Der Bauausschuss sprach sich mit großer Mehrheit für die Schaffung einer Querungshilfe über die B 317 aus. Foto: Harald Pflüger Foto: Markgräfler Tagblatt

Steinen (hjh). Die Querungshilfe, die Fußgängern den Gang über die B 317 von Höllstein nach Steinen in Höhe des Sägewerks erleichtern soll, wurde von allen Fraktionen im Bauausschuss zwar „grundsätzlich begrüßt“. Und doch lieferte sie in der Sitzung des Gremiums am Dienstag ordentlich Zündstoff, weil vor allem die Ratsmitglieder der CDU die Begeisterung von Bauamtsleiter Dietmar Thurn über die sich nach langer Zeit abzeichnende Minimallösung, die er den Mitgliedern des Ausschusses vorstellte, nicht uneingeschränkt teilen mochten.

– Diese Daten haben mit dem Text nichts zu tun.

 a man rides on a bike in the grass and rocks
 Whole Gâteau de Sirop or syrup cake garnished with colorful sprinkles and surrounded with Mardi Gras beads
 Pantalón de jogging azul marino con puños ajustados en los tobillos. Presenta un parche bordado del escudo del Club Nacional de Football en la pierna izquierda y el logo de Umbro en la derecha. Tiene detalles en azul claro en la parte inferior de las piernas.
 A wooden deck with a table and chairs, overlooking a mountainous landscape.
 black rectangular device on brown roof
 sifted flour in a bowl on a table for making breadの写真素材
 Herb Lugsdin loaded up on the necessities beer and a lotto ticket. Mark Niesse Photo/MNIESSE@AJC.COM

2,50 Meter breit soll die Furt über die Fahrbahn sein, die in der Mitte durch eine „Insel“ geteilt werden wird. Bernd Vosskuhl brachte dagegen „schwerste Bedenken“ vor. Er kritisierte, dass auf beiden Seiten der B 317 Radfahrer unterwegs sind, die in die Querungshilfe nicht einbezogen wurden. Und er bezweifelte, dass sich Fußgänger, die die Fahrbahn halbseitig überquert haben und auf der Insel Luft holen wollen für den zweiten schweren Gang auf die andere Seite, sicher fühlen können, wenn vor und hinter ihnen Lkws „durchbrettern“.

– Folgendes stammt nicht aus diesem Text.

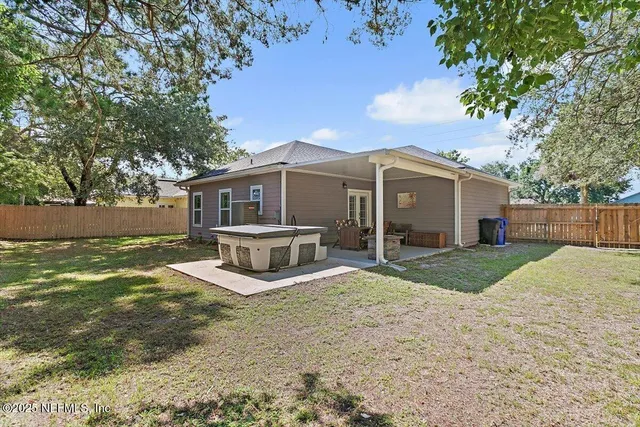 a view of a house with backyard and trees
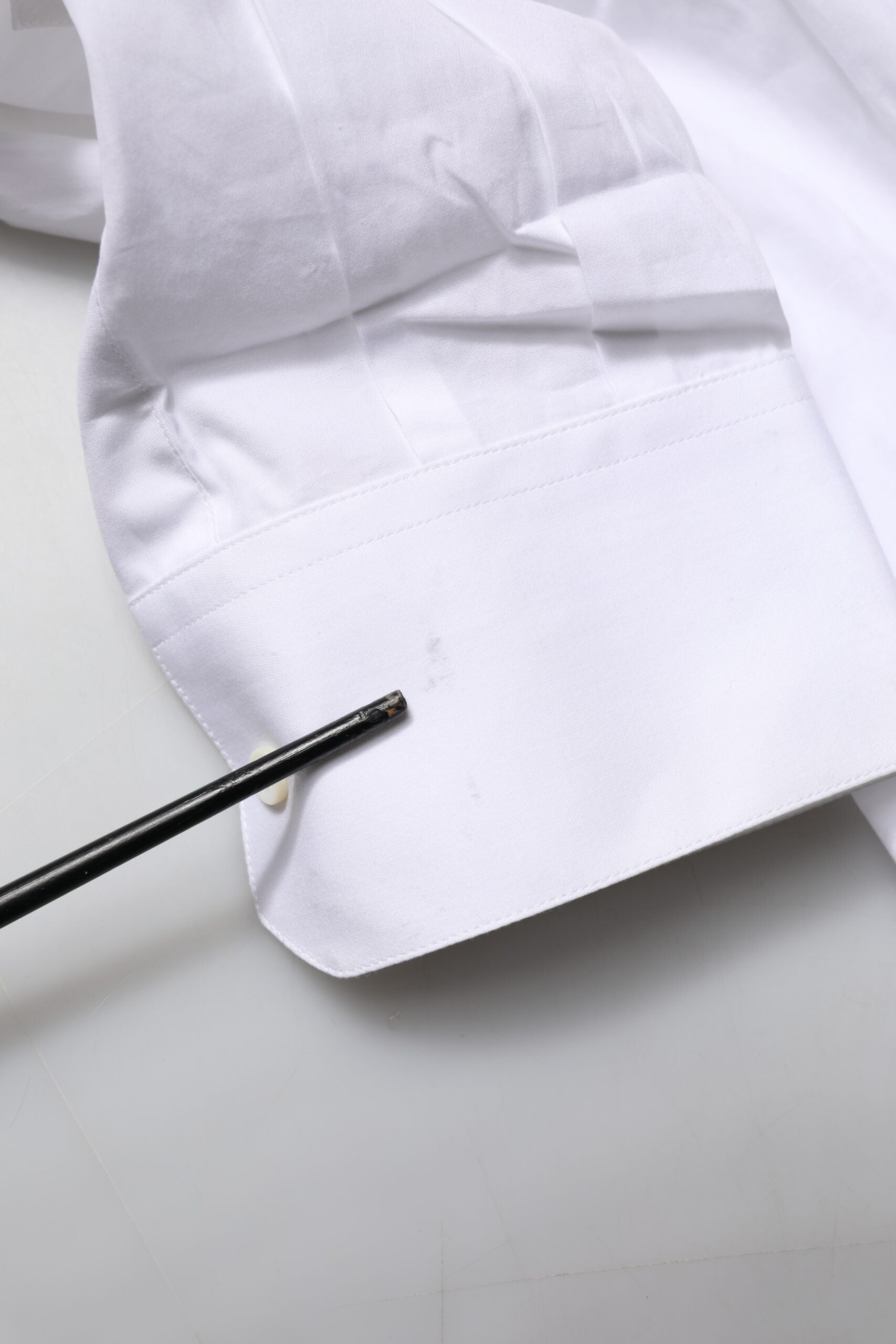 A white dress shirt with a gold bib and collar, designed by Dolce & Gabbana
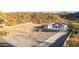 New home with spacious lot, desert landscape, and private driveway against a mountain backdrop at 9357 W Canyon Verde Dr, Casa Grande, AZ 85194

Bürgermeister Gunther Braun und Dietmar Thurn sind indes von der Planung überzeugt. Schließlich, so Braun, sei auf diesem Teilstück der B 317 die Geschwindigkeit auf 50 Stundenkilometer begrenzt, „so wie auf der Bahnhofstraße, und dort funktioniert das mit den Fußgängern ja auch“.

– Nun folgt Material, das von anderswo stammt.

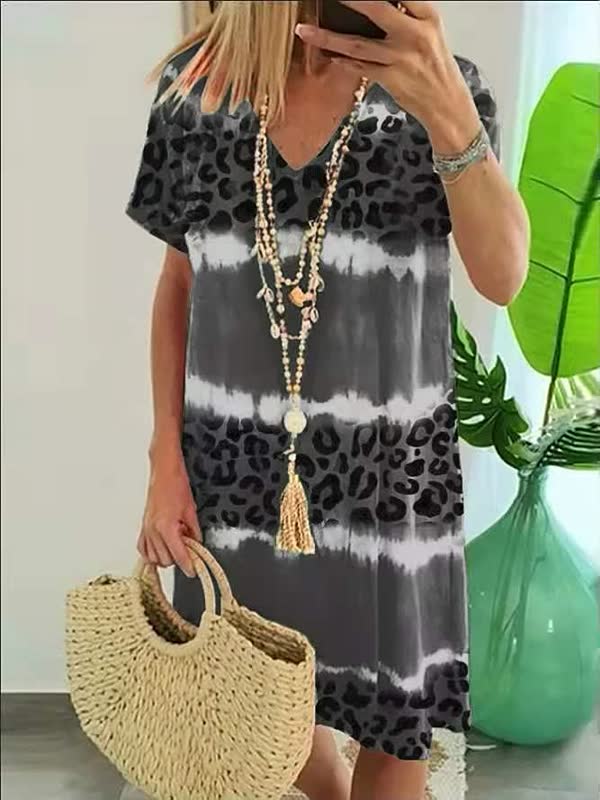 Bold print V-neck shift dress for women, offering a relaxed fit. Great short sleeve casual summer dress.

Damit verglich Braun nach Meinung von Bernd Vosskuhl Äpfel mit Birnen. Doch verhindern konnte der CDU-Gemeinderat das gegen seine Stimme bei einer Enthaltung von Gabriele Kaiser-Bühler positive Votum des Ausschusses für „Lösung B“ nicht. Seine Fraktionskollegin Kaiser-Bühler hatte schließlich auch versichert, dass die CDU „natürlich“ nichts gegen eine solche Querungshilfe einzuwenden habe, sich aber doch große Sorgen um die Sicherheit der Fußgänger mache, die sich beim Gang über die Fahrbahn geschützt fühlen könnten, ohne gut genug geschützt zu sein.

Die meisten in der Runde hielten es ohnehin mit Rainer Dürr, der bemerkte: „Alles, was dort gemacht wird, ist besser als jetzt.“ Dietmar Thurn, bei dem sich Rainer Eiche ausdrücklich für sein Engagement in dieser Sache bedankte, versicherte: „Mehr ist in Zusammenarbeit mit dem Landkreis und dem Regierungspräsidium derzeit nicht machbar. Es wird auf alle Fälle eine Verbesserung geben.“ Rudolf Steck wertete die Lösung „als Schritt in die richtige Richtung“.

Letztendlich wurde die Planung mit breiter Mehrheit genehmigt. Und Dietmar Thurn kann an seinem Vorhaben festhalten, das Projekt, „wenn alles planmäßig verläuft“, noch in diesem Jahr zu realisieren.